Apparently, this kind of thing doesn’t raise an eyebrow in the JS world.

Now, I understand and respect the JS programming model. But this was seriously frustrating when I first encountered it because a simple script like the one I was trying to write just has an ordered list of tasks to complete. When it asks for bytes from a file, it really has nothing better to do than to wait for the answer.

Thankfully, it turns out that Node’s fs module includes synchronous versions of the various file access functions. So it’s all good.

I’m sure I missed or underexplained some things. But if other brave souls are interested in dipping their toes in the waters of Emscripten, I hope these tips will come in handy.

Posted in Cirrus Retro | 5 Comments »

5 Responses

  1. Jonathan Wilson Says:

    Wow. Just Wow. This is amazing and it works just great in my browser (Firefox-derivative)

  2. Multimedia Mike Says:

    @Jonathan: Thanks for the feedback! Glad to know that Cirrus Retro is fulfilling its chartered purpose (accessibility beyond just Chrome).

  3. Jonathan Wilson Says:

    Oh and I wonder if you could make the M1 emulator for arcade music work in-browser in the same way as this (last I checked there was source code available for it although I dont know how it works or whether the source for the latest version is still available)

  4. Multimedia Mike Says:

    @Jonathan: I’m familiar with the M1 emulator and the arcade music, but it’s a bit down on the list.
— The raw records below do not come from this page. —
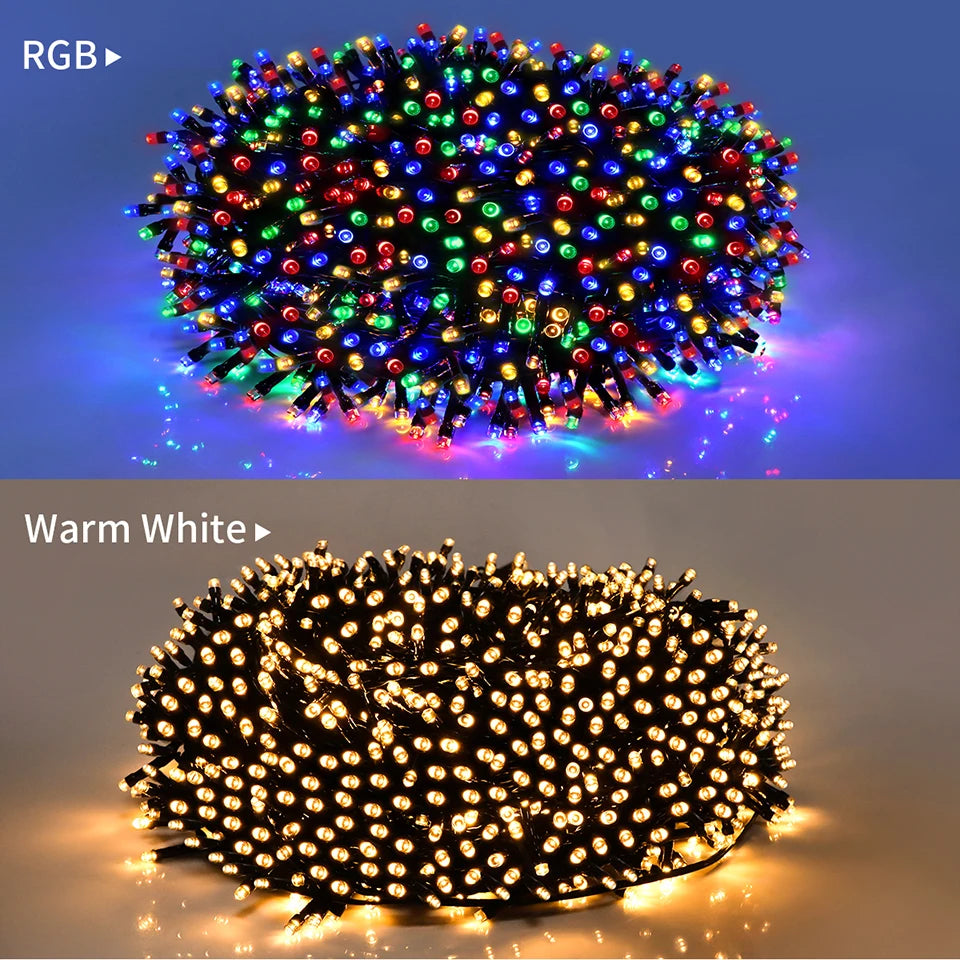 A close-up view of solar powered LED string lights with multicolored bulbs illuminating a dark background.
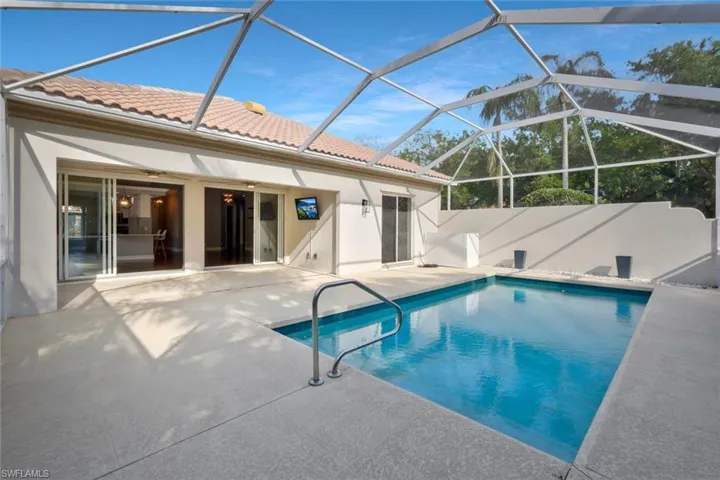 View of swimming pool with a lanai, a patio, and a fenced in pool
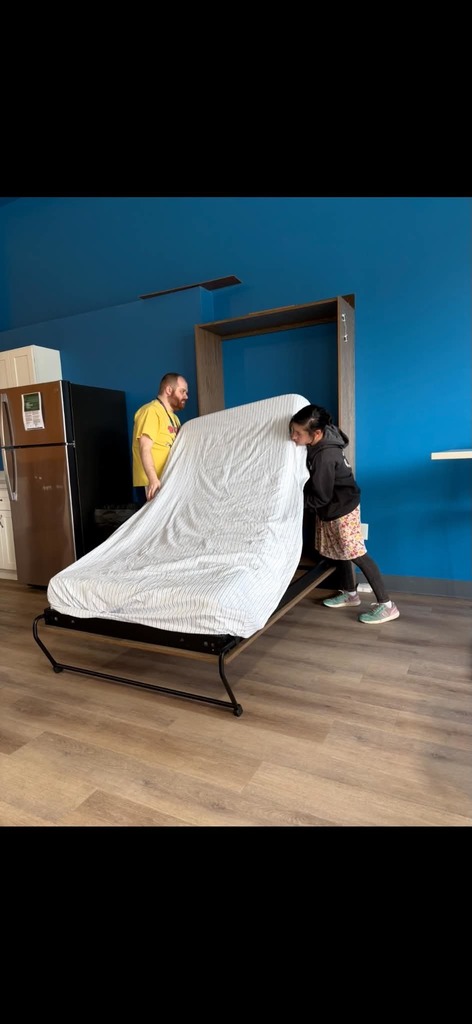 Two people work together to pull down a Murphy bed from a wall cabinet in a room with blue walls.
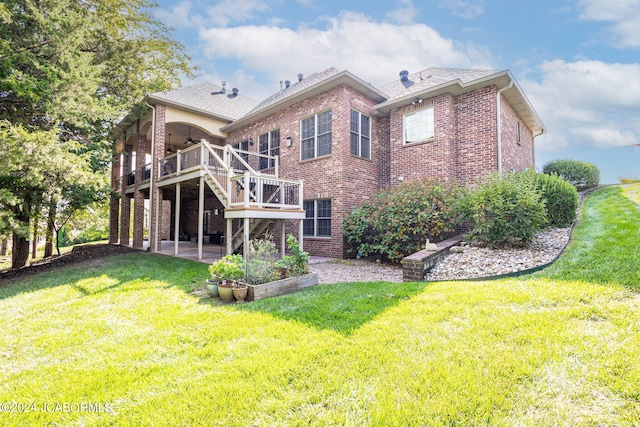 back of house with ceiling fan, a yard, and a deck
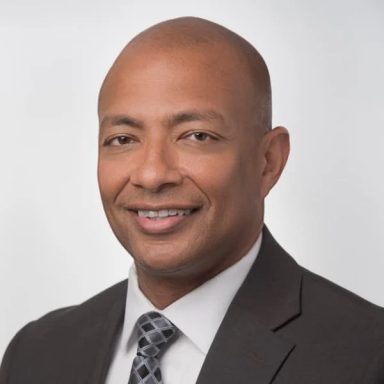 A smiling darker-skinned male wearing a dark gray suit and tie against a white background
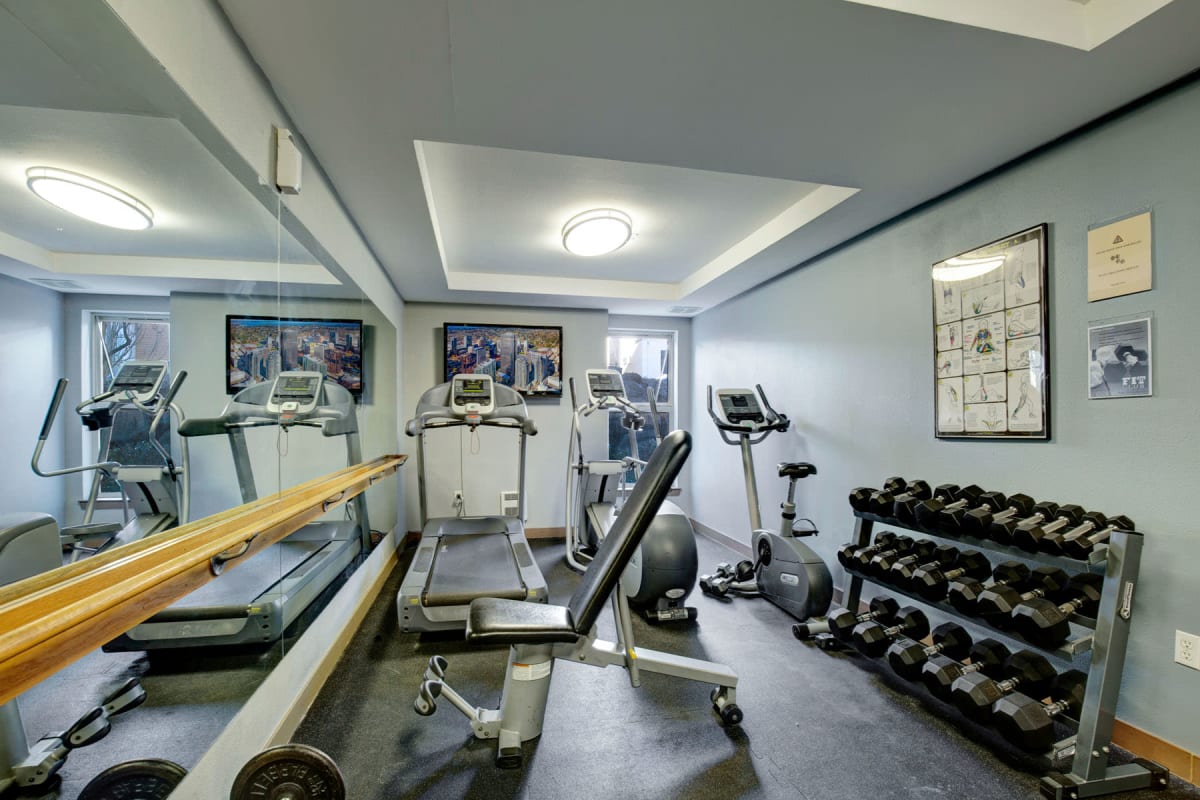 Free weights and exercise machines in the fitness center at Vantage Park Apartments in Seattle, Washington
First, I need to re-instate Nintendo DS, Sega Saturn and Dreamcast platforms, present on the old site but still missing on Cirrus Retro. Then, GBA, N64, SMS and SID are the highest requested libraries for addition.

    I looked at M1 briefly before. I’m not sure of the details, but I got the impression that emulating the music requires the entire ROM, which is a bit sketchier than these chiptune extracts. But if you have different information, I would like to examine it.

    For my part, I’m surprised that no Neo-Geo chiptune format ever evolved (to my knowledge). I loved the music for Fatal Fury in the arcade. I used to bring headphones and plug them into the Neo-Geo console (most people were unaware all NG arcade units had 1/8″ headphone jacks). Maybe NG music handling falls under the M1 category, though.

  5. Jonathan Wilson Says:

    Hmmm yeah M1 emulates the rom rather than being a specific “music” type format ala NSF for NES/SPC for SNES/etc.

    As for Neo-Geo, since the Neo-Geo hardware has its own 100% separate sound hardware (Zilog Z80 & YM2610) with its own separate ROM chips for it (Z80 program ROM and some ROMs holding digital sounds) any attempt to do a music format for it would be pointless since its far easier to do what M1 does and emulate the Z80 and YM2610 then put the right “play sound” commands in wherever the Z80 would look for them.